• [EXERCISE]:
Please transcribe exactly the lines from the line holding "Cover of Gli Aztechi" through the end of the data below, and skip any pictures.

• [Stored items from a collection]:
────────────────────
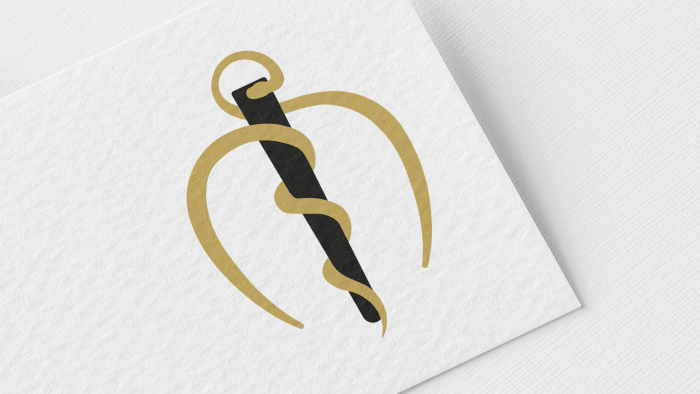 markanızı öne çıkartacak bir LOGO TASARIMI yapabilirim
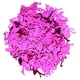 thumbnail image 4 of Tropical Flamingo Table Throwing Confetti + Stripe s Kids Party Supply, 4 of 9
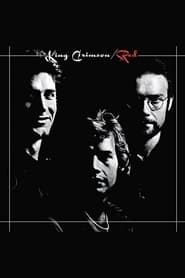 Image King Crimson: The Road To Red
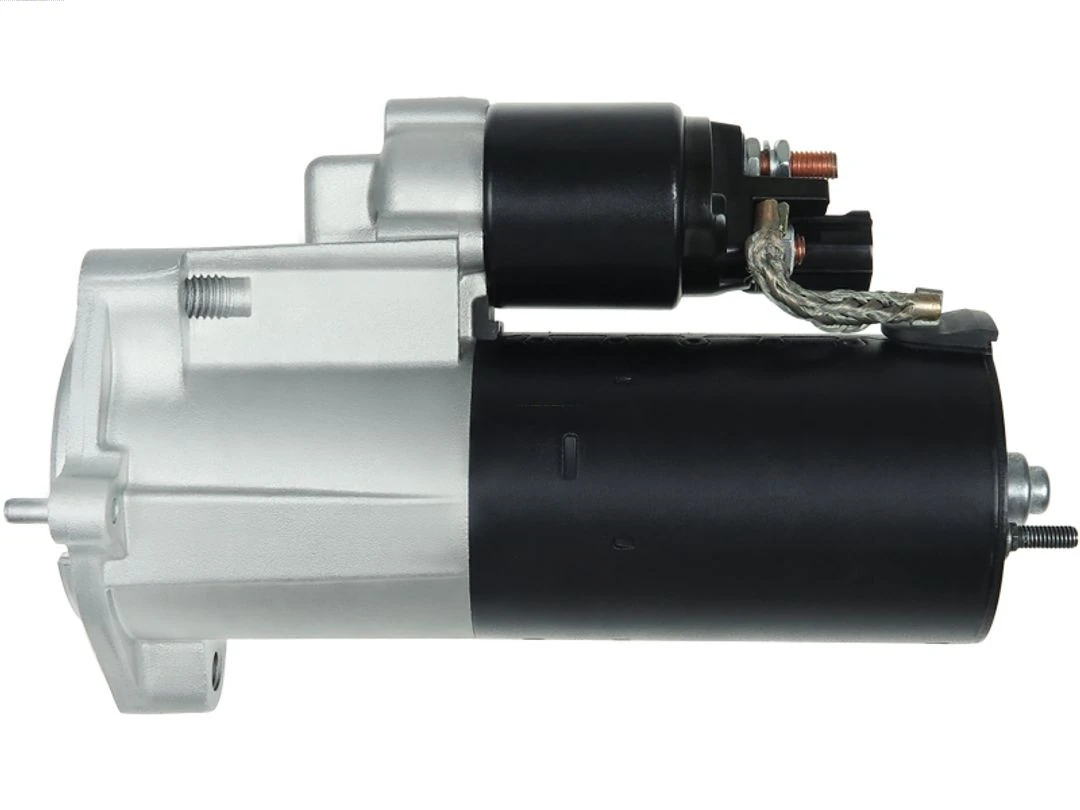 بادئ التشغيل Remanufactured AS-PL S0468PR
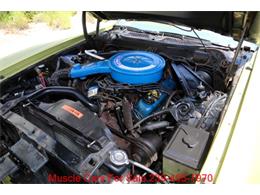 1973 Ford Mustang (CC-2066015) for sale in Fort Myers, Florida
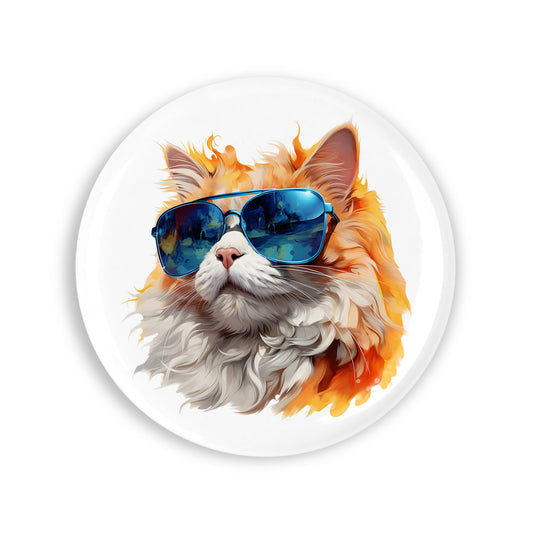 457739e89030b18adbf39d82f2967a0f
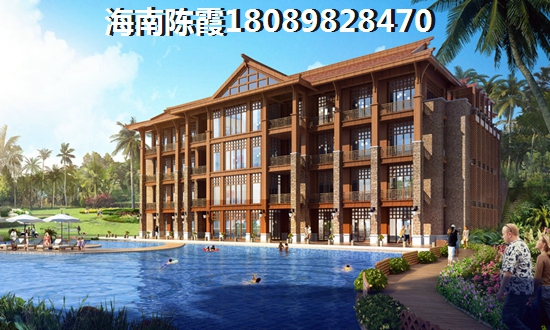 铃木丽驰250摩托车参数 铃木丽驰250摩托车参数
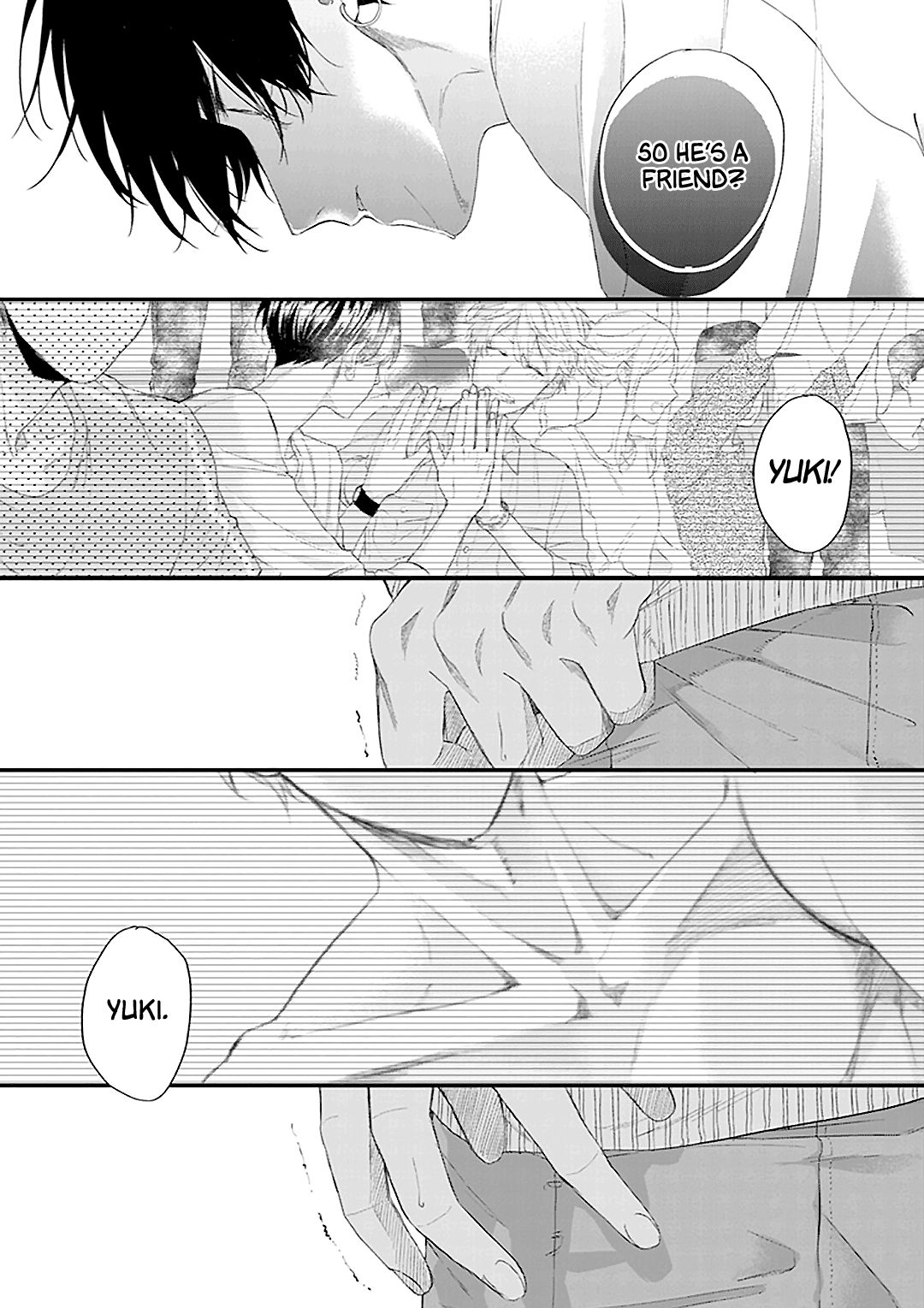 Page 31 of Chapter 2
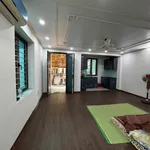 Cho thuê nhà nguyên căn 65m2, 2 PN, Hai Bà Trưng, 10 triệu/tháng - Ảnh thu nhỏ 2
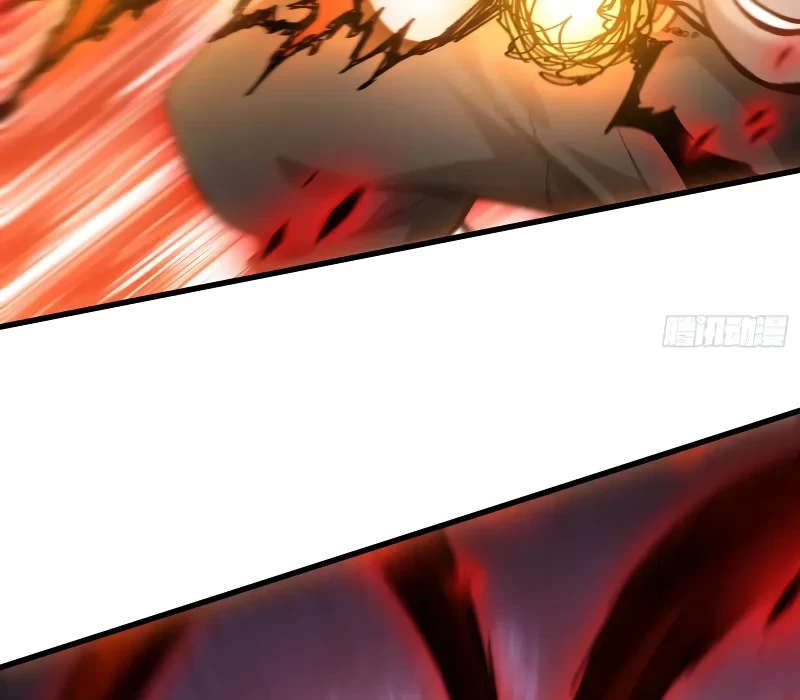 Being Pathetic, My Disciples Keep Me Alive Chapter 56 Gambar 31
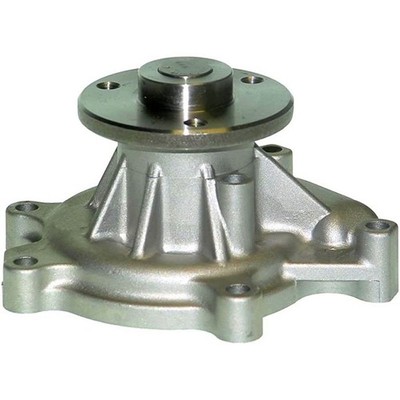ORIGINAL  Saleri Sil Wasserpumpe, Motorkühlung für Toyota YARIS AVANZA RUSH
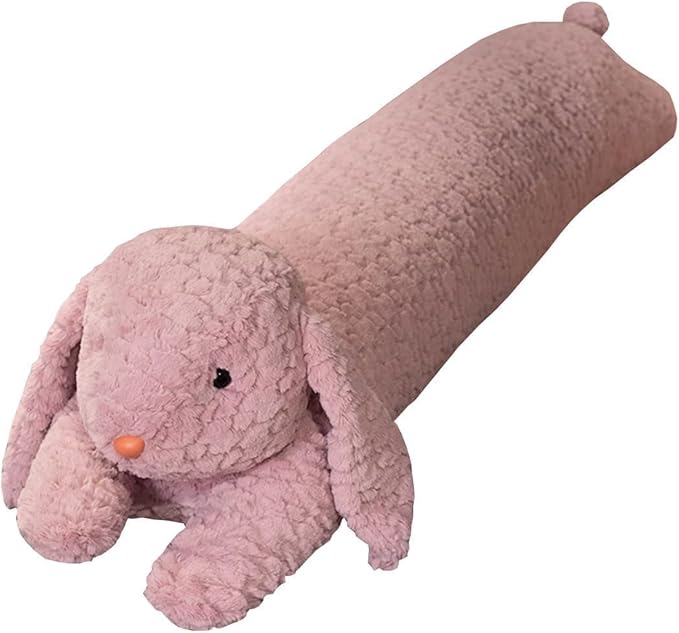 Body Pillow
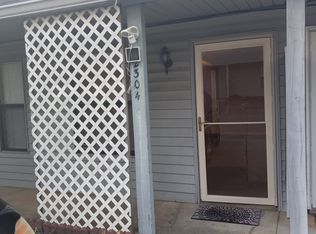 2304 Grayson Valley Dr #2304, Birmingham, AL 35235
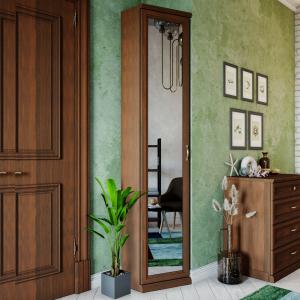 Распашные шкафы Распашные шкафы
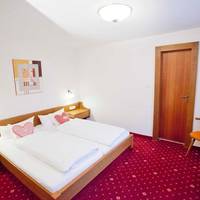 Double Room  (Flexible Rate)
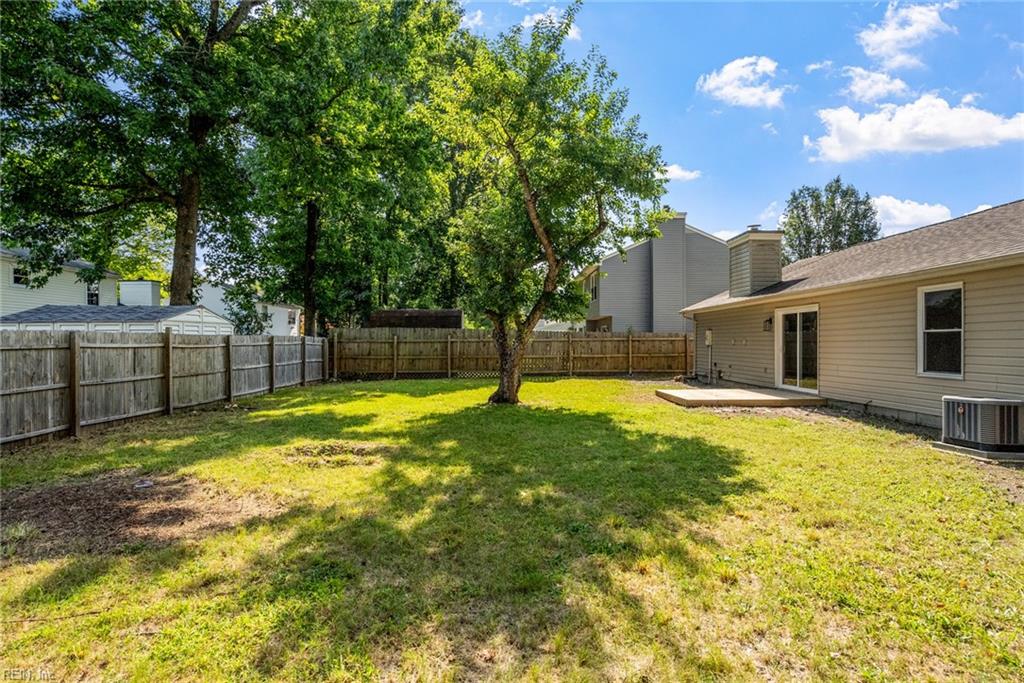 3788 Fieldstone CIR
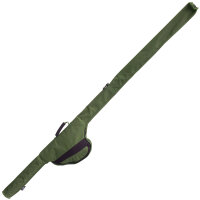 Rutentasche Futteral Single Rod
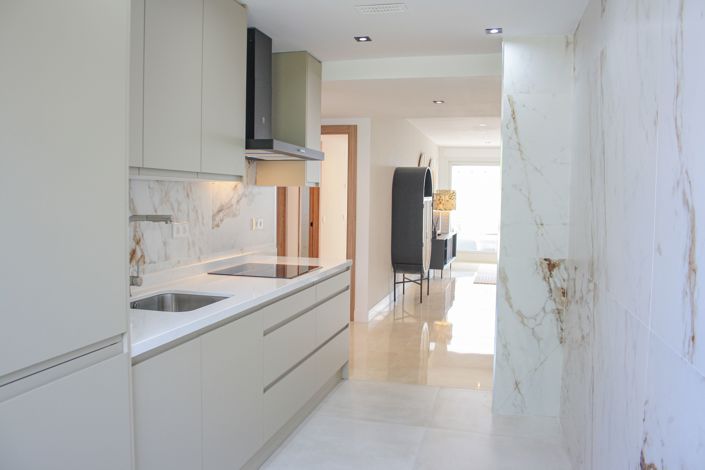 Image No.12-2 Bed Apartment for sale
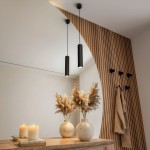 pol_pl_Lampa-wiszaca-1-x-GU10-ESLA-KJ2118-czarny-1651_4.jpg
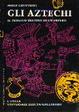 Cover of Gli Aztechi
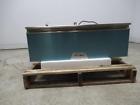 Mrwd30s Dacor Renaissance 30 Inch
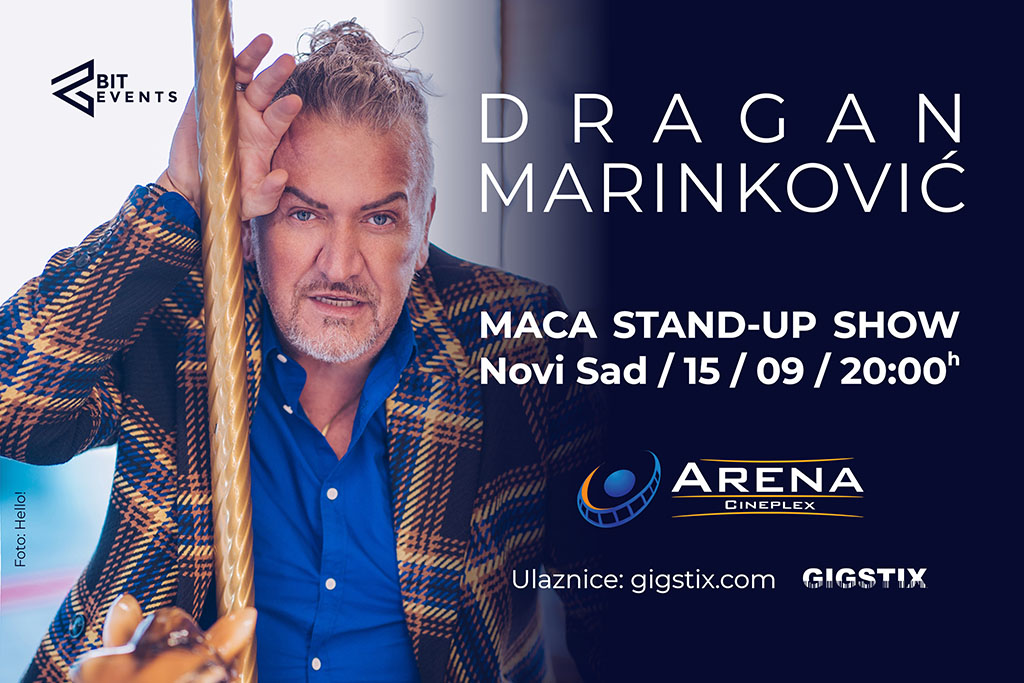 Macaglu-Arena-1024×683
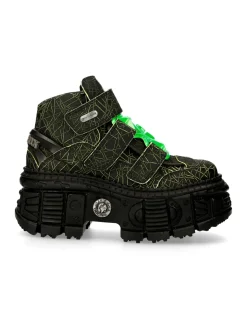 M-WALL009-C7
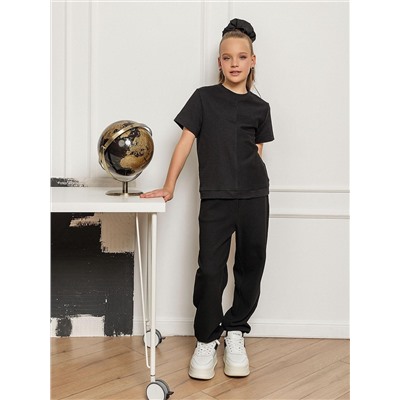 BATIK Топ 082 ш25-4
────────────────────
• [REPLY]:
 Cover of Gli Aztechi
 Mrwd30s Dacor Renaissance 30 Inch
 Macaglu-Arena-1024×683
 M-WALL009-C7
 BATIK Топ 082 ш25-4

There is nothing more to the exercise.